Refer her to a professional.

Wondering 04-07-2024 08:02 AM

Quote:

Originally Posted by ElDiabloJoe (Post 2319133)
My neighbor up north is an elderly woman. She has three adult children and wishes to split her estate up evenly amongst them. While sitting on a very healthy high 6-digits in various savings accounts and a paid off house, she is also sitting on an ever climbing 900,000 in investment funds with a large national advising firm.

While she understands she can give $18,000 a year to each without penalty incurred by any party, the is entertaining the idea of disbursing her 900,000 prior to death. This is due to her concern about the way the world is going, the wars, economic instability, dollar de-valuation, inflation, etc.

While under Trump there was something about up to 20 Million could be inherited without tax or fee consequence, she asked me about whether or not she could disburse the 900,000 without incurring any fees or tax consequences to her or the recipient children.

My amateur opinion is that the $300,000 each would be a taxable income event unless it were inheritance doled out after she passed away. That would cost each recipient approximately $65,000 in taxes (assuming combined Fed and State rate of 25%).

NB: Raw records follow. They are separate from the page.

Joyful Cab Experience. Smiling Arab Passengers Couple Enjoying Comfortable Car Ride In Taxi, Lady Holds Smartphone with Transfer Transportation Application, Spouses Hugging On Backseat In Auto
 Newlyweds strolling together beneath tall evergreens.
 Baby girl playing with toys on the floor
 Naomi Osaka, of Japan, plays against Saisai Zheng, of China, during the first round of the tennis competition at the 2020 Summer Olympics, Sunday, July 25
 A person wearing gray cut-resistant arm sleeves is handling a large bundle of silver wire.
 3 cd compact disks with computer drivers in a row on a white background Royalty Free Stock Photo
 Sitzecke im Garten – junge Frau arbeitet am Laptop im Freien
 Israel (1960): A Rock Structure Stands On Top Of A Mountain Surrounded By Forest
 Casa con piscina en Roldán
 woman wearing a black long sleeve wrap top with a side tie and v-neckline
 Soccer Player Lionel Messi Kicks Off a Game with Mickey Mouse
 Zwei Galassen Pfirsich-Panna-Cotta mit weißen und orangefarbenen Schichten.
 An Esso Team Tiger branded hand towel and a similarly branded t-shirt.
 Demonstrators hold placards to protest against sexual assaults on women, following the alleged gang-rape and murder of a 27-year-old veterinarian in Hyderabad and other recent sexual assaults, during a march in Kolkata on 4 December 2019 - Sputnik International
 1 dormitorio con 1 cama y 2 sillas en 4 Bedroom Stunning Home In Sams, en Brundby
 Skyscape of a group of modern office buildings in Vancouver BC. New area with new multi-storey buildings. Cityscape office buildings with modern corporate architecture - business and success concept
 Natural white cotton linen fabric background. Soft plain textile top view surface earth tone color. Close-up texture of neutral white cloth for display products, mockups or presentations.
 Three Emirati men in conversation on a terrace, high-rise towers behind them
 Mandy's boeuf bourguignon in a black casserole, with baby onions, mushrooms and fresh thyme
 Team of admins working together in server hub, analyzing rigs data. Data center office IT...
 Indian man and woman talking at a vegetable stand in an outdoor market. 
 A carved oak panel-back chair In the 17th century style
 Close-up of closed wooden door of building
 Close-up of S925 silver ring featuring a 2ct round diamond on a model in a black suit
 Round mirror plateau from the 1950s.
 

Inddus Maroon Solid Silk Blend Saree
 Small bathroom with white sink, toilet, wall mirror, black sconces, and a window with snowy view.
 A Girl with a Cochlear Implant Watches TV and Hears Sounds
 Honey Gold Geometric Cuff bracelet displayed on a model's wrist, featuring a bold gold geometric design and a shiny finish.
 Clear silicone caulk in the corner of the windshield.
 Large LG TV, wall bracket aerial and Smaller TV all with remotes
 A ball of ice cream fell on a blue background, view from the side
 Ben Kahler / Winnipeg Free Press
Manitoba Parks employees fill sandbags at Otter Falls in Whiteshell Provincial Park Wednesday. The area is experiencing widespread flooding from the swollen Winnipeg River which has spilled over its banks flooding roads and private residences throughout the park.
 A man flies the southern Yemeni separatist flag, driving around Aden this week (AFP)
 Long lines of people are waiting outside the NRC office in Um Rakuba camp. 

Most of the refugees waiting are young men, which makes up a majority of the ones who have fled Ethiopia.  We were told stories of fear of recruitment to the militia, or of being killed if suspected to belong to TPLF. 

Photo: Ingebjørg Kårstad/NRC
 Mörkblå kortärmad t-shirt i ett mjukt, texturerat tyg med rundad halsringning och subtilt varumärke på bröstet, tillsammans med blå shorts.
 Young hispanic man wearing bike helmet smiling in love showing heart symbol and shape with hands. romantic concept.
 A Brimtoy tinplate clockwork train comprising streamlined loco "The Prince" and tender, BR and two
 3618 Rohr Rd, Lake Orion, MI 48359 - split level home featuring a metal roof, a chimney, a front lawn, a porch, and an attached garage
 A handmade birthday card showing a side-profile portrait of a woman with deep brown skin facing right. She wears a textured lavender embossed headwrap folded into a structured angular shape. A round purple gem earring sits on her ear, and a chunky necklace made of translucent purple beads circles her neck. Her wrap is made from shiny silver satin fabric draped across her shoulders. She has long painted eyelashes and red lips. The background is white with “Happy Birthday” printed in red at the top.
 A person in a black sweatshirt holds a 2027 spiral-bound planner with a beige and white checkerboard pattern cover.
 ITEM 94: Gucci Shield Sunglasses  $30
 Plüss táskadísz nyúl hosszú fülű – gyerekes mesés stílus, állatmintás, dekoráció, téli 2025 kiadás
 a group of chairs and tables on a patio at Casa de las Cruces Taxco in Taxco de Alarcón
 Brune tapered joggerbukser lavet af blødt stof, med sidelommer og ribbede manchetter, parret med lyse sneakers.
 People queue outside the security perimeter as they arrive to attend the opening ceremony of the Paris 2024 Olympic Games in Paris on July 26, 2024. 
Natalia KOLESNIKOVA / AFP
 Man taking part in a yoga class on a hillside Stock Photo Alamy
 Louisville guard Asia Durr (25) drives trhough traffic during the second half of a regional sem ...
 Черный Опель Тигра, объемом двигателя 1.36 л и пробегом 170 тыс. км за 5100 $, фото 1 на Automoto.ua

Are my initial thoughts on this accurate, or are there additional considerations and fiscal dynamics that would be at play in her scenario?

Why isn't she/you asking her financial adviser or attorney?

SHIBUMI 04-07-2024 08:10 AM

Joint owners
 
My question exactly...............the joint owners could draw from the accounts now...........BUT, there has to be a lot of trust between the persons........could buy them houses with both names on the deed and could buy cars and payoff debts and nothing is reportable. Its doable............. I guess its a good position to be in...blessings


.no government mtninvilved also could payoff all the kids debts
Quote:

Originally Posted by Johnsocat (Post 2319412)
Couldn't she divide the cash assets into 3 accounts and have intended recipient be joint owner on the account?
Upon her passing the joint owner becomes the primary?


Haggar 04-07-2024 08:13 AM

A gift tax return is required when the $18,000 is exceeded. It's not optional as indicated.

Gifts carry with them the donor's basis; inheritances carry the fair market value at date of death ( or six month later if elected).
Give cash away; not stocks, bonds, houses, land..... So maybe it's not a good idea to give away the entire estate before death.
I've had residences inherited that when sold threw off a tax loss.

A couple could give $72,00 a year to their married child and spouse if done right.

Confirmed no tax of gifts to the receiver, only a requirement to file a gift tax return if the annual limit is exceeded.

Loans are not the way to go. A loan would require interest to be paid - taxable income to the lender, probably no tax deduction to the borrower.


Titles to property are critical - whether held in joint name or joint tenants with right of survivorship or other.